Le sculture nascoste a New York, Londra, Amsterdam, Si possono trovare nei mercatini a soli 99 centesimi
di Nicoletta Orlandi Postigiovedì 25 settembre 2025
Maurizio Cattelan, che furbo! Caccia al tesoro con le sue statuine

(Quotidiano Libero)

3' di lettura

Maurizio Cattelan ancora una volta bastona il mondo dell’arte contemporanea, e nello stesso tempo lo asseconda con una furbata che fa parlare di sé. In un mercato dove le sue opere valgono milioni, l’idea di trovarne una autentica a meno di un euro non è solo un gioco, ma un gesto concettuale coerente con tutta la sua poetica: scompaginare le regole dall’interno, ridicolizzare il sistema senza mai uscirne davvero. La nuova iniziativa si chiama “Dov’è Maurizio? ” ed è una caccia al tesoro globale. In palio c’è “We Are the Revolution” (2025), una miniatura di 23 centimetri che raffigura l’artista stesso appeso al muro per il colletto della camicia, scalzo e rassegnato, come un impiegato punito o un martire domestico. Realizzata in resina e dipinta a mano, la scultura è prodotta in 1.000 esemplari in collaborazione con Avant Arte. Dal 30 settembre al 7 ottobre, ogni giorno due indizi guideranno i partecipanti nelle strade di New York, e online a Londra e Amsterdam, per scovare una delle sculture nascoste in mercatini, bodegas o negozi d’antiquariato. Prezzo: da 99 centesimi a quasi 10.000 euro.

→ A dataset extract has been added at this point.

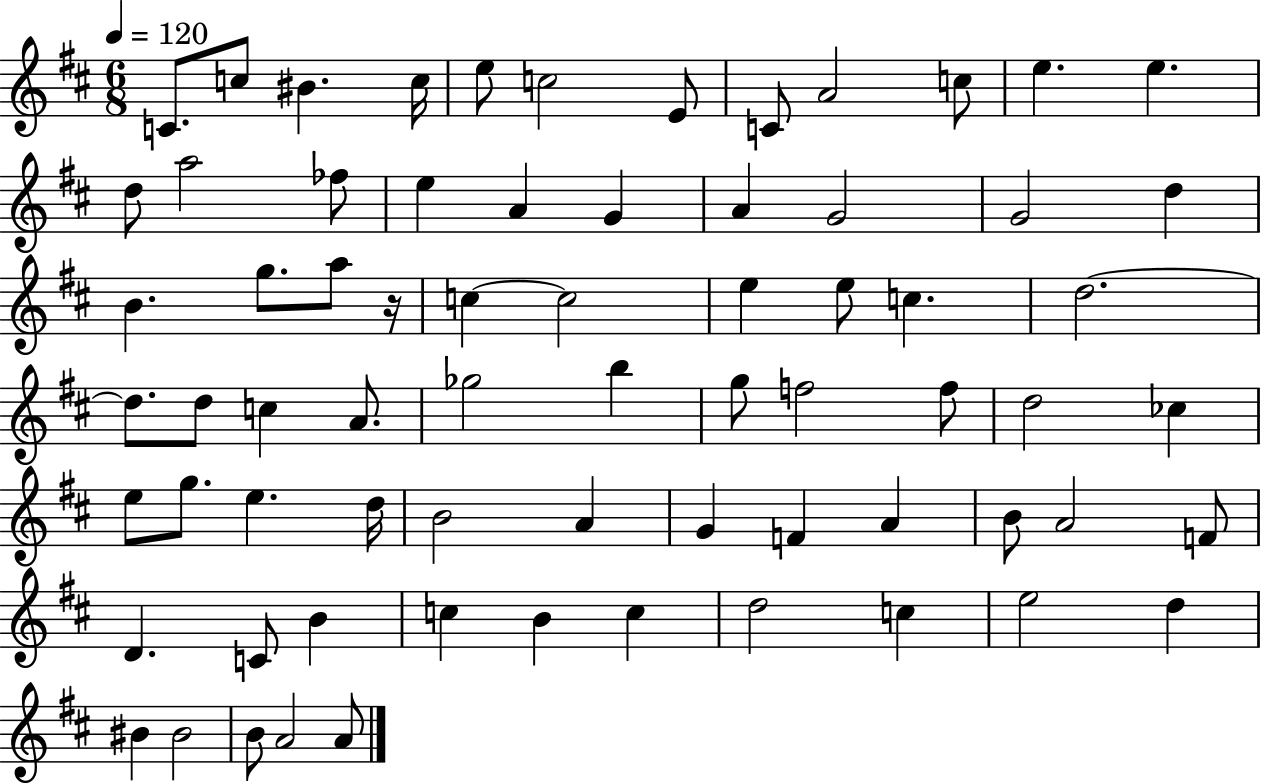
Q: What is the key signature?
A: D major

Il gioco non è nuovo nella carriera di Cattelan. Già nel 2000 il suo alter ego di feltro, penzolava da una gruccia metallica di Marcel Breuer. Oggi quell’eco beuysiana ritorna sotto forma di parodia: la rivoluzione non è più l’utopia collettiva, ma la caricatura di un artista che si mette in saldo, oscillando fra irriverenza e complicità con il mercato che critica. Perché mentre i fortunati della caccia potranno acquistare il “piccolo Maurizio” per una manciata di monete, gli altri potranno accedere alla lotteria ufficiale di Avant Arte, e sperare- se sorteggiati- di portarsi a casa una scultura al prezzo di 1.500 euro. Di certo, una volta chiusa la serie, varrà molto, molto di più. Del resto Cattelan è maestro nel trasformare il non sense in valuta. Lo fece con “Comedian”, la banana attaccata al muro che divenne simbolo virale del 2019, e con “America”, la toilette d’oro a grandezza naturale installata nel 2016. In entrambi i casi, l’opera era insieme sberleffo e prodotto di lusso, al tempo stesso critica e celebrazione del mercato. La stessa ambivalenza ritorna nella caccia al tesoro: l’artista si fa trovare sugli scaffali come un gadget pop, ma dietro l’operazione c’è la logica del collezionismo più esclusivo.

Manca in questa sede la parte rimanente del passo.